Flash Fiction Friday: As Far As Bionic Slugs Go, I’m the Total Package
By MP Johnson
Even before Doc Weimerhootch implanted that miraculous microchip into my slug brain and outfitted me with hydraulic arms, I was an exemplary model of the species. I produced slug sauce at twice the normal rate. It smelled like strawberries. And I glided along it at impressive speeds.
I move faster now of course. No longer am I bound to the ground. My arms can easily catapult my tiny slug body over heavily trafficked four lane highways, which seems impressive until contrasted against my recent victory in a steel cage match with the Big Buddha, world champion wrestler and veritable land-whale.
If my physical feats are awe-inspiring, my mental achievements are god-like. When my fellow under-rock dwellers saw me reading Gravity’s Rainbow backwards while crafting recipes for dandelion-infused lasagna, they literally melted down. Being the first and only of my kind, I found myself forced to fraternize with bipeds – humans, that is.
When I mentioned this to Doc Weimerhootch, a human himself, he introduced concerns about potential speciesism.
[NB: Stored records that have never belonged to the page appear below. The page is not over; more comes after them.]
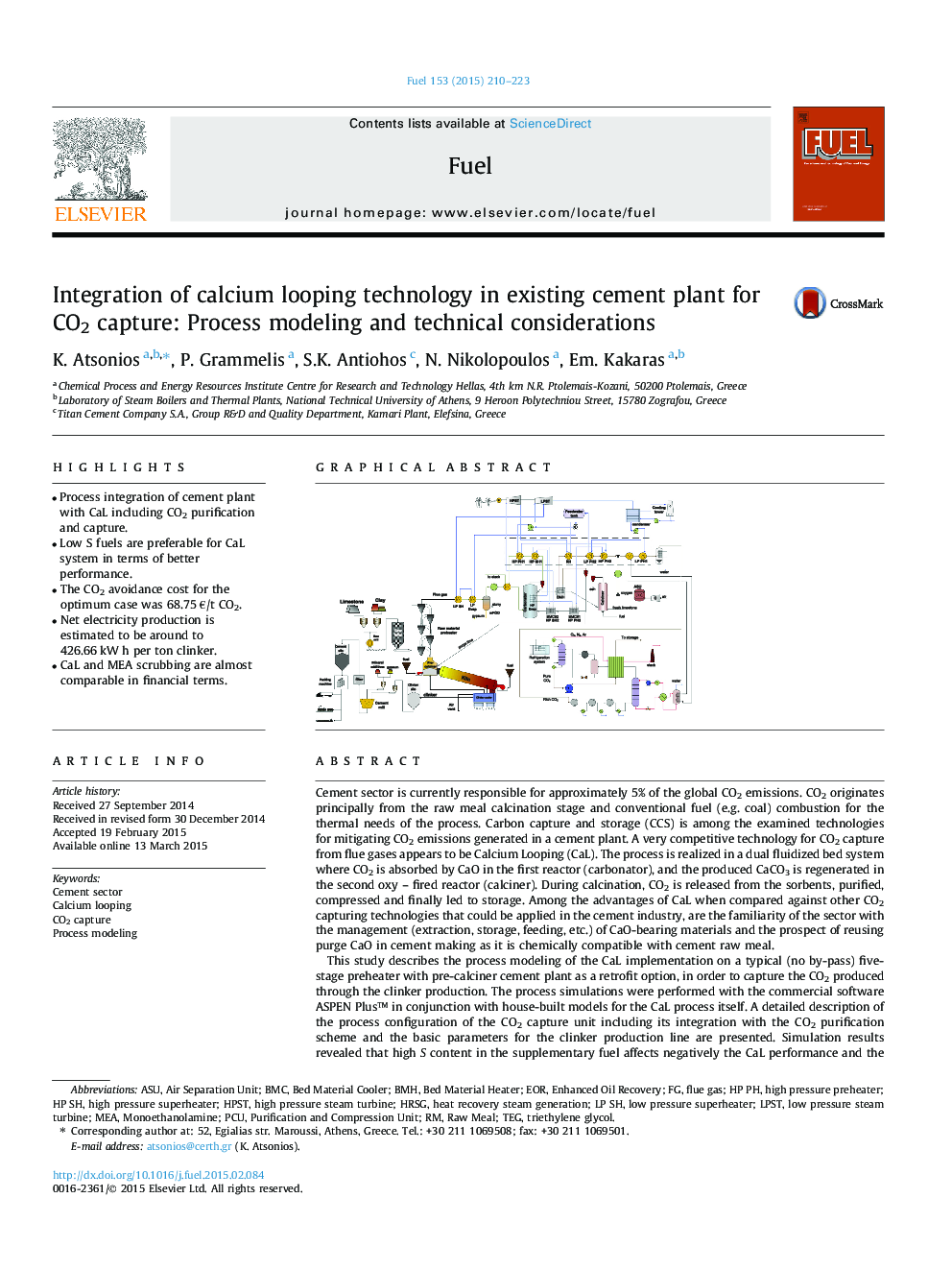 Integration of calcium looping technology in existing cement plant for CO2 capture: Process modeling and technical considerations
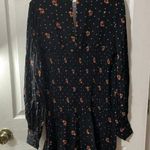 Free People NWT Smocked Floral Celestial Star Black LongSleeve Skater Mini Dress Photo 3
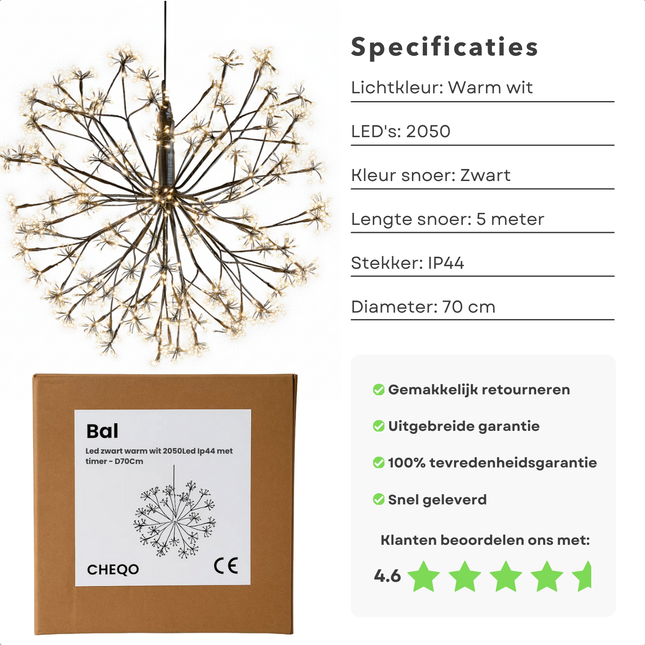 Cheqo® Kerstverlichting Bal - Warm Wit Licht - Micro LED-Lampjes - Spatwaterdicht - IP44 Stekker - Zwart Snoer - Tuinverlichting - Lichtgevende Kerstbal - 70 CM Diameter - Kerstlampjes Buiten - Lichtgevende Paardenbloem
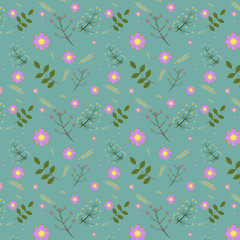 pattern with flowers and leaves on a blue background, spring illustration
He suggested I initiate communication online to win people over before attempting face-to-face meetings. He recommended something called Craigslist. I posted a watered down tract that yielded a variety of responses. Most came from dazzling, scantily clad teens who immediately attempted to schedule intimacy, but first asked that I join one asinine members-only website or another. My replies to these teen temptresses went unanswered.
Then I received a missive from Becky.
In her initial communication, she seemed impressed by my advertisement’s barely tip-of-the-iceberg description of my mental and physical talents. “U sound like a guy with a good head on his shoulderz lol.” A volley of messages commenced, mine becoming increasingly erudite and hers becoming increasingly less so, until a time and a place were chosen for our blind date.
I recommended a spot in the park near a rock that I had a certain sentimental attachment to, as it had been my birthplace. Perhaps I was nervous. Perhaps my slug nature rose to the surface. Whatever the reason, I pressed myself under that rock to wait in cold solitude for this Becky.
When she arrived, her skin tone high heels sinking into the dirt with every step, I slid out fearlessly. A dandelion clenched in each of my shining steel hands, I exclaimed, “My dear, your hair is as magnificent as an October bonfire and your fingers resemble the finest of my species. I look forward to our evening together.”
“Ah!” she screamed, tumbling backwards, seemingly losing track of which of her limbs should be on the ground and which should be above it. “Ah! Ah! Ah!”
Having admittedly insufficient knowledge of human behavior, I lost a moment trying to comprehend her actions. Had she hurt herself? Was this some sort of attack? When I finally understood what was actually happening in front of me, I beamed. I had not realized that my unvarnished magnificence could cause such an immediate and orgasmic reaction in a human woman.
The evening had just begun and already I had triumphed.